PROBLEM DETAILS:
Beneath this instruction is a listing. Transcribe from it only the stretch from the line with "サメカスタマイズパーソナライズされたの クッション (裏面)" through the line with "Shirt Small Slate", both end lines included, exactly as written.

•••••

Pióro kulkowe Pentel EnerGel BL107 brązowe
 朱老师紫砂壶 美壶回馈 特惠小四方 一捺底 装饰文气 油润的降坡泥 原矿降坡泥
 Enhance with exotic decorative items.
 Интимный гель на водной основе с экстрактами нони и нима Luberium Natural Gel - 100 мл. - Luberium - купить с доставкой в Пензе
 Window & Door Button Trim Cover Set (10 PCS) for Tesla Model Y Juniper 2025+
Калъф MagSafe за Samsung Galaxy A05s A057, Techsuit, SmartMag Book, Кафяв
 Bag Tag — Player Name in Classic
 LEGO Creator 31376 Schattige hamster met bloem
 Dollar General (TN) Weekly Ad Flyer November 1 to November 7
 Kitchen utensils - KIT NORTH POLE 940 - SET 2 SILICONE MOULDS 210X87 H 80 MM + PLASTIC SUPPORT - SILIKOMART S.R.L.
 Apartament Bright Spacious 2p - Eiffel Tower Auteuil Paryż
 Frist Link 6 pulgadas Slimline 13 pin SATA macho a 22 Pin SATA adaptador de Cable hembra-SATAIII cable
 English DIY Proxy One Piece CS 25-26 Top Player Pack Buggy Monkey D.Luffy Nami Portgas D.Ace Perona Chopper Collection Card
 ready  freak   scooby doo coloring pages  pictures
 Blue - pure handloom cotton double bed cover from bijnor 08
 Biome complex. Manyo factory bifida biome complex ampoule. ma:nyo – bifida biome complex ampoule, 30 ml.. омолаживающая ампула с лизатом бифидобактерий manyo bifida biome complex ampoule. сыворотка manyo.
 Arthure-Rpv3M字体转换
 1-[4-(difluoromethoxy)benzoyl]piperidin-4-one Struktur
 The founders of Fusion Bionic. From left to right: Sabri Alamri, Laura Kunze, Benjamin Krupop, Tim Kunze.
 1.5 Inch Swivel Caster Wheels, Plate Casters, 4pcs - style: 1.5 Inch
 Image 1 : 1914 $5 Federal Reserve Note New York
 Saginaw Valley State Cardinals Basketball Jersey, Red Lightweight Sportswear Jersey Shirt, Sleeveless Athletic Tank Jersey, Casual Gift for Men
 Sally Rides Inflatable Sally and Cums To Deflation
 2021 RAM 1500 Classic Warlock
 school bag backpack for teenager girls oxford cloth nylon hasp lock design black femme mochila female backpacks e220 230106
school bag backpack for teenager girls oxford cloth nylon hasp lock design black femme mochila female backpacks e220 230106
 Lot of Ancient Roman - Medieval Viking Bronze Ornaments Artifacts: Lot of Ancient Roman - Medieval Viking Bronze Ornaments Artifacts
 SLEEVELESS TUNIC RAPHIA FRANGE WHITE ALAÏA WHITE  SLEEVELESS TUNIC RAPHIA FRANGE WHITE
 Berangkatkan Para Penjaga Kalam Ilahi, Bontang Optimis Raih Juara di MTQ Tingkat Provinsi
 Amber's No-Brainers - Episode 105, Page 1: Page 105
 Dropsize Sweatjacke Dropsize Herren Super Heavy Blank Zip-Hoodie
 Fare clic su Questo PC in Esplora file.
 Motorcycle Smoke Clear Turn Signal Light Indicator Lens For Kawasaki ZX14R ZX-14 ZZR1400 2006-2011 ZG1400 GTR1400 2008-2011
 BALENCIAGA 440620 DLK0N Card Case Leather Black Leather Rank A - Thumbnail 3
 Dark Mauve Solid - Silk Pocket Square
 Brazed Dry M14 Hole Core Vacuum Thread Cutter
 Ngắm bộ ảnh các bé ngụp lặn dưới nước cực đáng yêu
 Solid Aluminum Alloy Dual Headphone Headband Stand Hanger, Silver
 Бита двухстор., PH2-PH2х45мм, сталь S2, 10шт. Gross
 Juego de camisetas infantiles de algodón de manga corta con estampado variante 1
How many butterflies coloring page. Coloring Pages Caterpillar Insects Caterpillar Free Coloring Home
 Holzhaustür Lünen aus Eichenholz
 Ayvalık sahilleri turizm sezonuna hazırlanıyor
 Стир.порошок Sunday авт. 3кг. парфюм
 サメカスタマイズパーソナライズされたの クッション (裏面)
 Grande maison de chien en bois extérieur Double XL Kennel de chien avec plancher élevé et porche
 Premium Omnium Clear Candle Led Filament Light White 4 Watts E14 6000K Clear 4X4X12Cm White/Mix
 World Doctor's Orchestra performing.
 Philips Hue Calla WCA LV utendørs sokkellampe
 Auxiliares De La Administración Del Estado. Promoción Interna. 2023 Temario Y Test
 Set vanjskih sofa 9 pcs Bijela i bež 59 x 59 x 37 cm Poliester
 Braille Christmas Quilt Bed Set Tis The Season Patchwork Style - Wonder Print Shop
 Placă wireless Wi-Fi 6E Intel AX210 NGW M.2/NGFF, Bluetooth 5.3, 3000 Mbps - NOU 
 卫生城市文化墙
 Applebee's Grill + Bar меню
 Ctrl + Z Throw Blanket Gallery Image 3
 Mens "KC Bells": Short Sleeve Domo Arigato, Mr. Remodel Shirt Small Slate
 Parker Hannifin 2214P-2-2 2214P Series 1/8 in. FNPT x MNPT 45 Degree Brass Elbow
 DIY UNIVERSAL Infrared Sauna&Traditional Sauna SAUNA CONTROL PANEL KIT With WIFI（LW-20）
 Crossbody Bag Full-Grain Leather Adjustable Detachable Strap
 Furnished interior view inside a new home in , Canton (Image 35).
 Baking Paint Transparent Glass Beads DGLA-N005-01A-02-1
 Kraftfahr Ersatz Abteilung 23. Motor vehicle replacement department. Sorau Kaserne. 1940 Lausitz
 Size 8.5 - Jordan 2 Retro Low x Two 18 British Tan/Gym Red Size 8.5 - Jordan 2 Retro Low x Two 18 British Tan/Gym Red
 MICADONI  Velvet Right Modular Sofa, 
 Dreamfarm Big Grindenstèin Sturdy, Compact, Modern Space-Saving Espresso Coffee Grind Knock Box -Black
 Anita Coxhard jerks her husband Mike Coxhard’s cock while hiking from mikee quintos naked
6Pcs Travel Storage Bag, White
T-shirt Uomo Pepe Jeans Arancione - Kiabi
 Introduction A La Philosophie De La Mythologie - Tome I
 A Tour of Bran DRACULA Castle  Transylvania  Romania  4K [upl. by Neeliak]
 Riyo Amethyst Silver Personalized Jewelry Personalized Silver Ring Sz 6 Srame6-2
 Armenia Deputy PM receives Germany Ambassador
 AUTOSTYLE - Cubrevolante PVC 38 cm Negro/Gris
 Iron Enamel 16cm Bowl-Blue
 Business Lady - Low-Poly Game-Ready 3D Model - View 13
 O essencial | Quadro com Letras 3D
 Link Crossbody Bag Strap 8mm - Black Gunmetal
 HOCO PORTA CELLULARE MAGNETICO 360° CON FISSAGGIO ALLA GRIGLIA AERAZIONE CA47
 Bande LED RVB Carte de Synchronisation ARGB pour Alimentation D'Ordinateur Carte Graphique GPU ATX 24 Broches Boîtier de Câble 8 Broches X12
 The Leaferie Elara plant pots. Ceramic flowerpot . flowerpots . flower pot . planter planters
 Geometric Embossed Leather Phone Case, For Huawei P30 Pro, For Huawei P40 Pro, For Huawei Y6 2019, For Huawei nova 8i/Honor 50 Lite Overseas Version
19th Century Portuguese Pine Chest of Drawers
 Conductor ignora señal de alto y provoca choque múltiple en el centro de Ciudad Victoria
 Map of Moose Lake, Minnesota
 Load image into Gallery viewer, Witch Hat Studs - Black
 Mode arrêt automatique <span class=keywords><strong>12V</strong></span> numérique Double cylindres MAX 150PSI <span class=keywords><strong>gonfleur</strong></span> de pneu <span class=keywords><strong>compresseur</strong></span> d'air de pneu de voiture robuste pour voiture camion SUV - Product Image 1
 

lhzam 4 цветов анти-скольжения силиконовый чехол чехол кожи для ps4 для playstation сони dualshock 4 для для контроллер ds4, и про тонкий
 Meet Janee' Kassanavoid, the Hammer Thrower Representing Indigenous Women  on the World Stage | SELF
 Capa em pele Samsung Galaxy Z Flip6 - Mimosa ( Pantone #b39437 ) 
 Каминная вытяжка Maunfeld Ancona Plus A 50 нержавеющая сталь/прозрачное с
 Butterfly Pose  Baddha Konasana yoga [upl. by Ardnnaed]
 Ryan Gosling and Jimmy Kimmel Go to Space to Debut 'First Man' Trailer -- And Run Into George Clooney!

•••••

FINISHED TASK:
 サメカスタマイズパーソナライズされたの クッション (裏面)
 Grande maison de chien en bois extérieur Double XL Kennel de chien avec plancher élevé et porche
 Premium Omnium Clear Candle Led Filament Light White 4 Watts E14 6000K Clear 4X4X12Cm White/Mix
 World Doctor's Orchestra performing.
 Philips Hue Calla WCA LV utendørs sokkellampe
 Auxiliares De La Administración Del Estado. Promoción Interna. 2023 Temario Y Test
 Set vanjskih sofa 9 pcs Bijela i bež 59 x 59 x 37 cm Poliester
 Braille Christmas Quilt Bed Set Tis The Season Patchwork Style - Wonder Print Shop
 Placă wireless Wi-Fi 6E Intel AX210 NGW M.2/NGFF, Bluetooth 5.3, 3000 Mbps - NOU 
 卫生城市文化墙
 Applebee's Grill + Bar меню
 Ctrl + Z Throw Blanket Gallery Image 3
 Mens "KC Bells": Short Sleeve Domo Arigato, Mr. Remodel Shirt Small Slate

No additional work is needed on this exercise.